In 1660 Charles Gustavus died, and Christina returned to her native land to see if she could not again get possession of the sceptre. But her old subjects were unfriendly: her change of creed, the murder of Monaldeschi, and her eccentric doings generally had opened their eyes. They supplied her with money more slowly than ever, pulled down her chapel, banished all her Italian chaplains, and made it quite clear that she was unwelcome even as a visitor. She was compelled to execute another and more binding deed of renunciation, and to return once more to Rome.
About six years afterwards she again set out for Sweden, and on this occasion her reception was even worse. The last spark of national regard for the daughter of Gustavus had died out. She withdrew to Hamburg, and from thence did her best to secure the crown of Poland, then vacant. This brilliant scheme failing, she turned her face towards the sunny south, to establish herself in Rome for the rest of her days.
She lived there for about twenty years after this. Her quarrels were more bitter than ever. She troubled statesmen by her political intrigues, and puzzled philosophers by asking them questions which they could not answer. The Head of the Church took a paternal interest in her, which she repaid with scorn. She had known four Popes, she said, and only one of them possessed common sense.

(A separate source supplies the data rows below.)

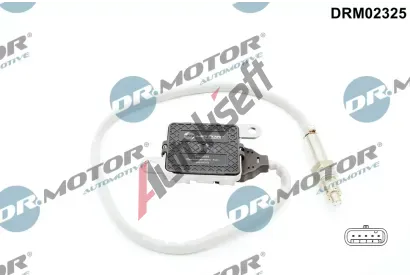 Dr.Motor Automotive NOx-senzor, NOx-katalyzátor DMA DRM02325, DRM02325 Dr.Motor Automotive NOx-senzor, NOx-katalyzátor DMA DRM02325, DRM02325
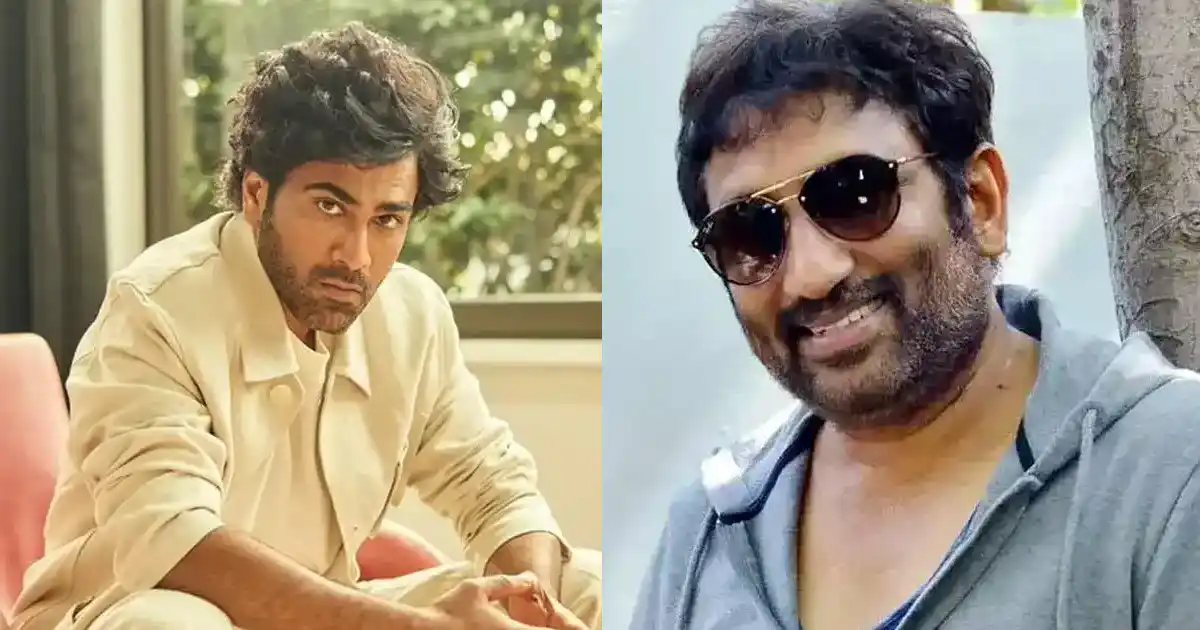 Sharwanand’s George Krish Begins Shoot Under Sreenu Vaitla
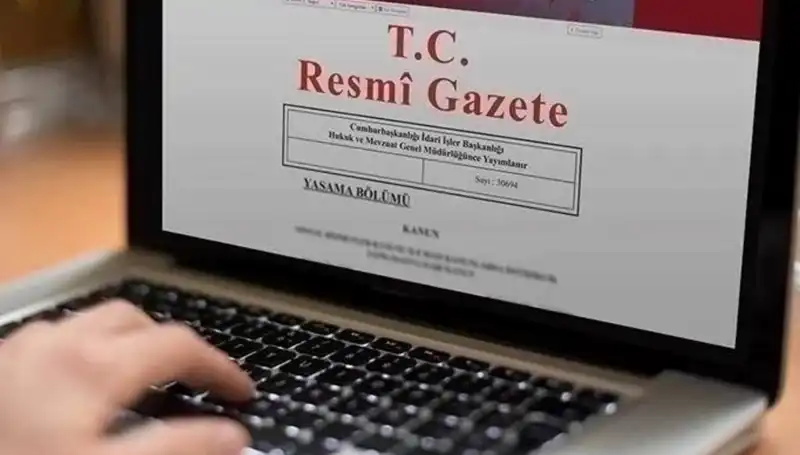 Resmi Gazete'de Bugün Yayınlanan Kararlar: Ekonomi ve Sosyal Hayatta Değişiklikler
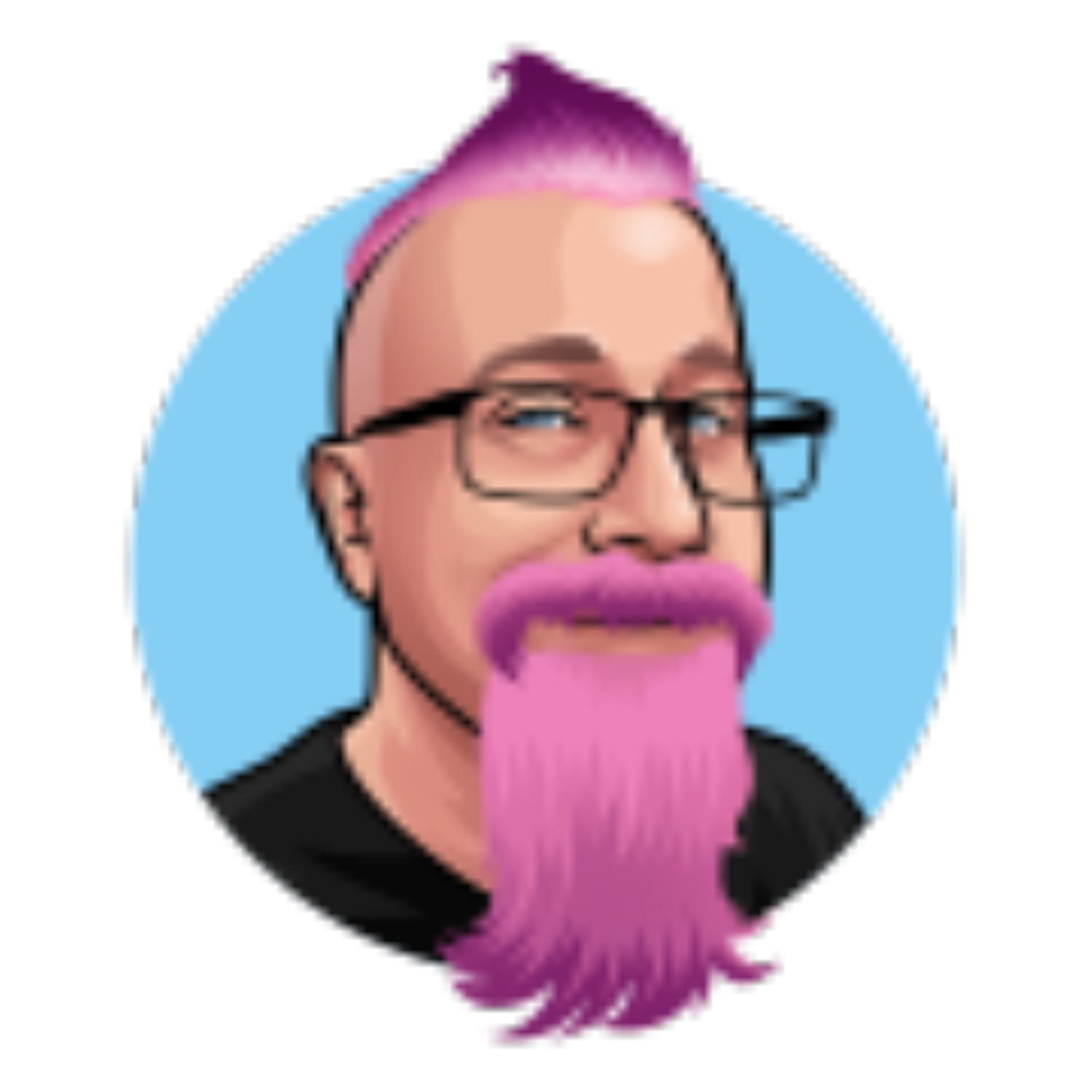 MrFunkEdude's Short Form Videos.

For satellites she had a crowd of poets, painters, and learned men of every kind. Amongst them were many "dealers in destiny's dark counsels;" for Christina indulged in dreams of alchemy and judicial astrology. She domineered over her following to the last, and exacted faithful service in the way of additions to her collection — which grew to be a large one — of books, paintings, and curiosities.
The end came in 1689. She had been for some time seriously unwell, and on the 19th of April that year her little Court stood round her bed. It was just at noon. As the clock began to strike she turned on her right side, placed her left hand under her neck, and before the last sound of twelve had died away she was sleeping the sleep of death.
Extraordinary magnificent characterised her funeral rites. She was carried, robed in gold brocade with a white ground, to her last resting-place in St. Peter's, where she now lies under a sonorous epitaph.
Note: Kristina actually first announced her intention to abdicate in 1651.